1) Remove the bolt from the rifle.
2) Examine the bolt face itself for excessive carbon or brass debris.
3) If debris is found then break down your bolt and remove the firing pin and extractor claw.
4) Now give your bolt face a thorough cleaning removing all carbon and brass build-up
5) If all looks good with your bolt lightly oil with say Rem oil or Ballistol wipe dry proceed as follows.
6) Look down your bore with a flashlight if you do not have a borescope.
7) If you see anything out of the ordinary that may be your culprit.
8) Now staring with your rifles chamber and throat area using a pistol cleaning rod (a short one usually less than 8 ")
attach a .30 caliber bronze cleaning brush dipped in bore cleaning solvent and work your barrels throat and chamber area vigorously and set your bore brush aside. ( Do not forget to scrub the area where the bolt face makes contact with your barrel )
9) Follow up with a patch that has bore cleaner on it and cleaner on it and work your bore and throat area thoroughly
10) Proceed with more patches until areas seem to be spotless.
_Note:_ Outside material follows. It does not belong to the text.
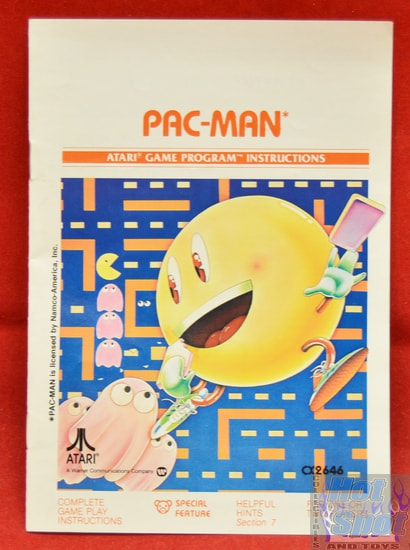 Pac-Man BOOKLET ONLY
11) Examine your bore carefully with a light, starting from the muzzle end.
12) If your bore is clean you should see nothing but your lands and grooves.
Now hopefully your rounds will chamber, but if not because you are still getting dents in your shoulder area I would certainly locate then isolate that area (look at your shell casings for reference) and repeat your cleaning until your cartridges chamber correctly.
Conclusion:
I honestly believe from what you are saying that you have a foreign body (ie brass or carbon) that has become lodged in your chambers throat area.
In that light with a little diligence and time, you can bring your rifle back to working status.
I know that some of this may be redundant to you, however, in order to achieve success you must become methodical and proceed one step at a time until you have isolated the problem area and worked it enough to repair your rifle.
Best of luck!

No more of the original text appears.